Bilan de l'

Bilan de l'

Vers la fin de sa vie, Somerset Maugham a résumé son “plats à emporter” dans un livre justement intitulé “Le Bilan de l'.” Je pense aussi envie de résumer, de faire le bilan de ce que j'ai réalisé et tenté de parvenir à. Ce besoin est, bien sûr, un peu idiot dans mon cas. Pour une chose, Je rien fait clairement par rapport à Maugham; même en considérant qu'il était beaucoup plus vieux quand il résume son affaire et eu plus de temps à atteindre les choses. Deuxièmement, Maugham pourrait exprimer son point de vue sur la vie, univers et tout bien mieux que je ne le serai jamais en mesure de. Ces inconvénients malgré, Je vais essayer de répondre à moi-même parce que j'ai commencé à sentir la proximité d'une arrivée — un peu comme ce que vous ressentez dans les dernières heures d'un vol long-courrier. J'ai l'impression que tout ce que j'ai prévu de faire, si j'ai réussi ou non, est déjà derrière moi. Maintenant, est probablement aussi bon moment que tout me demander — qu'est-ce que je me mets à faire?

Je pense que mon principal but dans la vie était de connaître les choses. Au début, c'était des choses physiques comme les radios et la télévision. Je me souviens encore le frisson de trouver les six premiers volumes de “Radio de base” dans la collection de livres de mon père, bien que je n'avais aucune chance de comprendre ce qu'ils ont dit à ce moment-là. C'était un frisson qui m'a pris par mes années de premier cycle. Plus tard, mon objectif est passé à des choses plus fondamentales comme la question, atomes, lumière, particules, la physique etc. Ensuite, sur l'esprit et le cerveau, l'espace et le temps, perception et la réalité, la vie et la mort — questions qui sont le plus profond et le plus important, mais paradoxalement, le moins significatif. À ce stade de ma vie, où je prends le point sur ce que j'ai fait, Je dois me demander, était-il la peine? Ai-je bien, ou ai-je mal?
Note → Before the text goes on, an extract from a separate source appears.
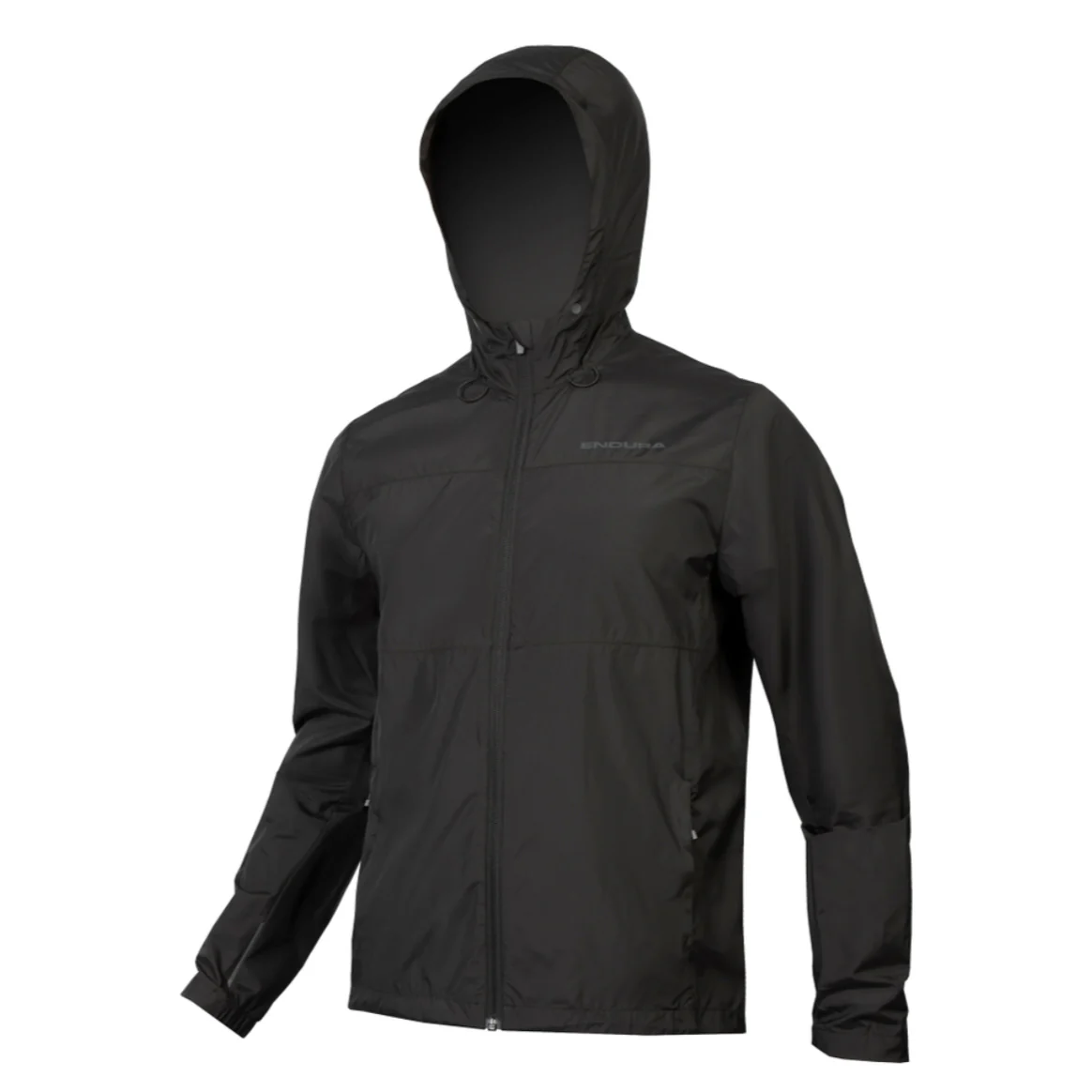 Endura Hummvee Windproof Hooded Shell Jacket Medium Black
En regardant ma vie jusqu'à présent maintenant, J'ai beaucoup de choses pour être heureux, et peut d'autres que je ne suis pas très fier de. Les bonnes nouvelles d'abord — J'ai parcouru un long chemin depuis un où j'ai commencé. J'ai grandi dans une famille de la classe moyenne dans les années soixante-dix en Inde. Classe moyenne indienne dans les années soixante-dix serait pauvre à tous les standards mondiaux sensibles. Et la pauvreté était tout autour de moi, avec ses camarades de classe qui abandonnent l'école pour s'engager dans des tâches subalternes de l'enfant comme la réalisation de la boue et des cousins ​​qui ne pouvait pas se permettre un repas carré par jour. La pauvreté n'était pas une condition hypothétique qui afflige les âmes inconnues dans des contrées lointaines, mais c'était une réalité douloureuse et palpable tout autour de moi, une réalité je me suis échappé par chance aveugle. A partir de là, J'ai réussi à récupérer mon chemin à une existence de la classe moyenne supérieure à Singapour, qui est riche par la plupart des normes mondiales. Ce voyage, dont la plupart peuvent être attribués à la chance aveugle en termes d'accidents génétiques (comme l'intelligence académique) ou d'autres coups de chance, est intéressante en soi. Je pense que je devrais être en mesure de donner un tour humoristique sur elle et le blog en place un jour. Bien qu'il est stupide de prendre le crédit pour les gloires accidentelles de ce type, Je serais tout à fait honnête si je disais que je n'étais pas fier de l'être.